■ Task goal ■
Every line of the records must be repeated exactly; pictures stay out.

:: Provided records

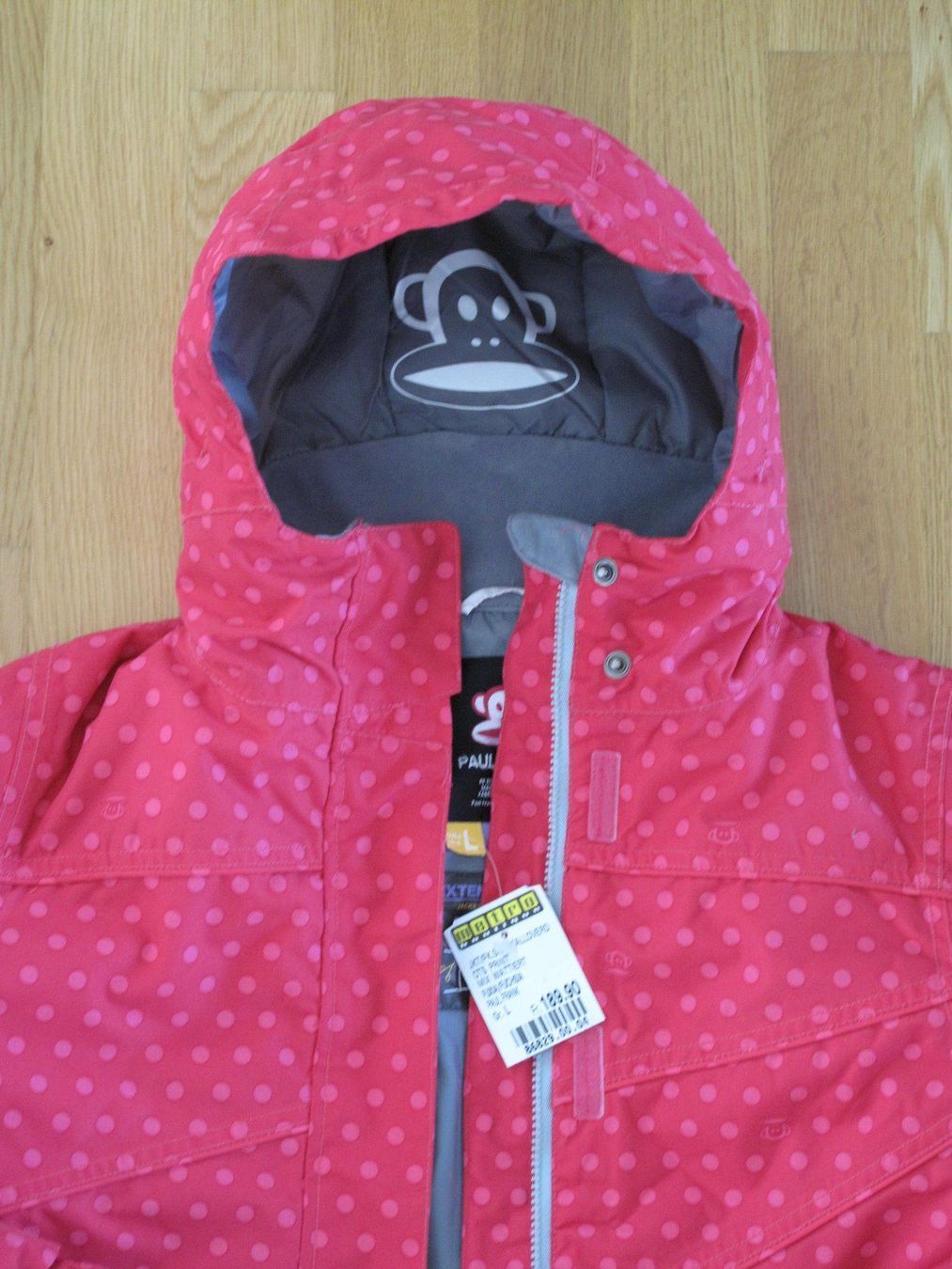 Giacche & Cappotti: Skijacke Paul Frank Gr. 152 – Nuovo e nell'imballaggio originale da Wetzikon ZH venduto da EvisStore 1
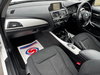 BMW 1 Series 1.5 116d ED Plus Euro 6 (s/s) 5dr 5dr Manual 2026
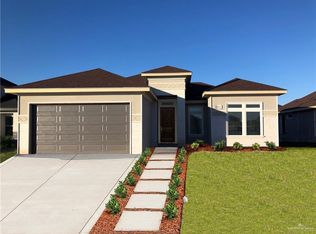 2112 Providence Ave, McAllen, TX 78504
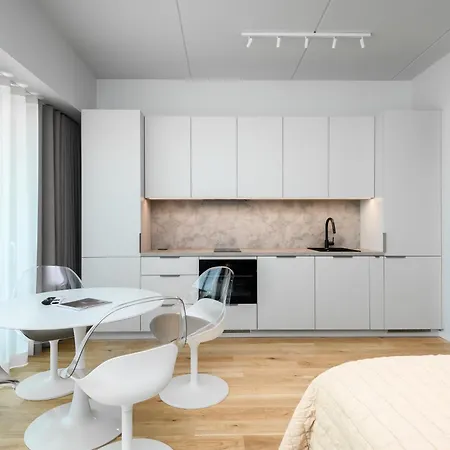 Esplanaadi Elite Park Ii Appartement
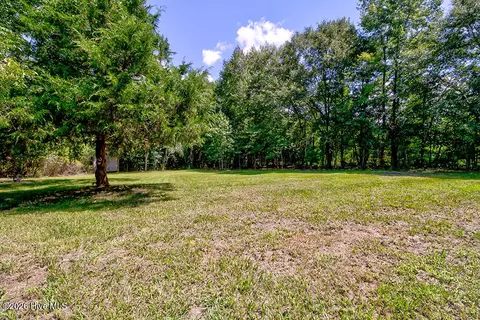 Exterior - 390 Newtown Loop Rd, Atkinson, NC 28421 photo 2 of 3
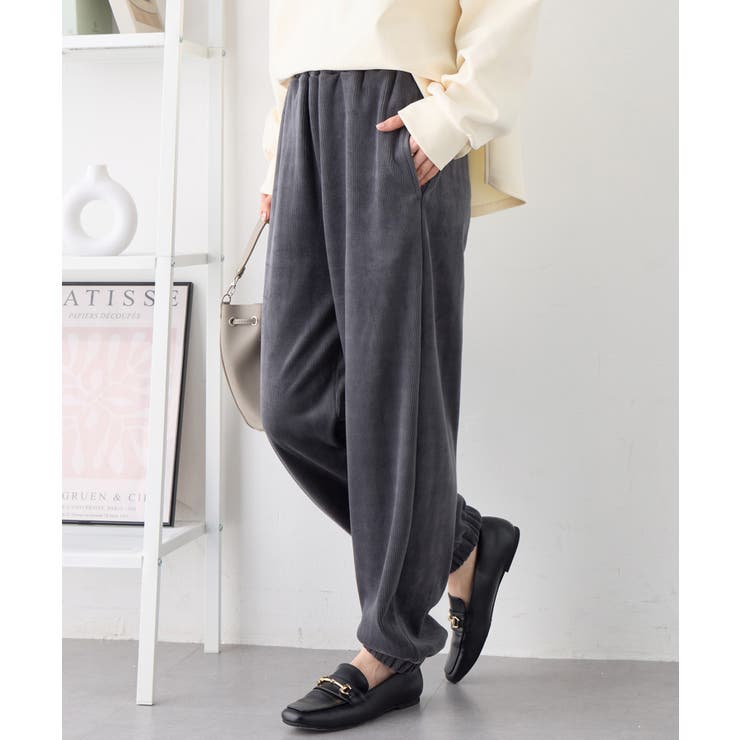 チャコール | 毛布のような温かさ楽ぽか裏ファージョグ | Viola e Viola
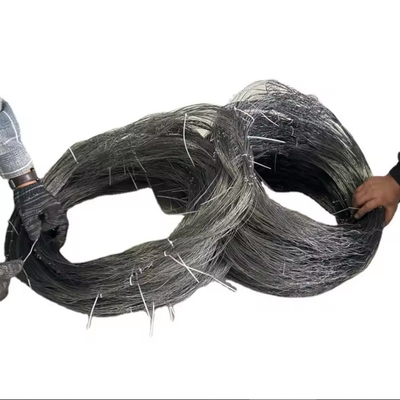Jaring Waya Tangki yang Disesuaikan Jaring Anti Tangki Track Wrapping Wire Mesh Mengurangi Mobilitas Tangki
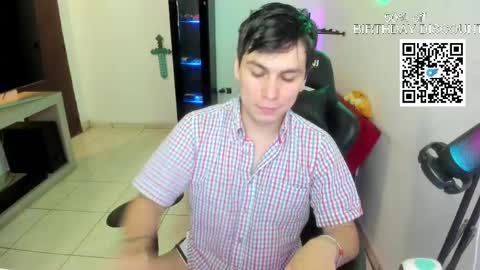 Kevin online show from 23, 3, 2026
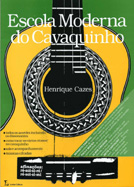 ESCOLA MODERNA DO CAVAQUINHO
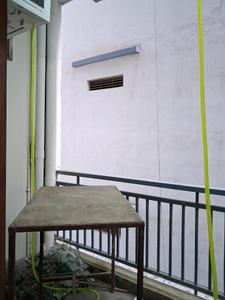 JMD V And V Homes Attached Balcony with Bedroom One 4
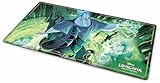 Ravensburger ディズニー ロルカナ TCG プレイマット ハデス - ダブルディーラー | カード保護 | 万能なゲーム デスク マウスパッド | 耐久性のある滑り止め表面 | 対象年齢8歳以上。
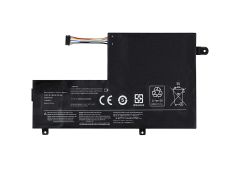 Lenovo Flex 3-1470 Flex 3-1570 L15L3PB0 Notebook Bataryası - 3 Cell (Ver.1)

::::

■ Exercise output ■
 Giacche & Cappotti: Skijacke Paul Frank Gr. 152 – Nuovo e nell'imballaggio originale da Wetzikon ZH venduto da EvisStore 1
 BMW 1 Series 1.5 116d ED Plus Euro 6 (s/s) 5dr 5dr Manual 2026
 2112 Providence Ave, McAllen, TX 78504
 Esplanaadi Elite Park Ii Appartement
 Exterior - 390 Newtown Loop Rd, Atkinson, NC 28421 photo 2 of 3
 チャコール | 毛布のような温かさ楽ぽか裏ファージョグ | Viola e Viola
Jaring Waya Tangki yang Disesuaikan Jaring Anti Tangki Track Wrapping Wire Mesh Mengurangi Mobilitas Tangki
 Kevin online show from 23, 3, 2026
 ESCOLA MODERNA DO CAVAQUINHO
 JMD V And V Homes Attached Balcony with Bedroom One 4
 Ravensburger ディズニー ロルカナ TCG プレイマット ハデス - ダブルディーラー | カード保護 | 万能なゲーム デスク マウスパッド | 耐久性のある滑り止め表面 | 対象年齢8歳以上。
 Lenovo Flex 3-1470 Flex 3-1570 L15L3PB0 Notebook Bataryası - 3 Cell (Ver.1)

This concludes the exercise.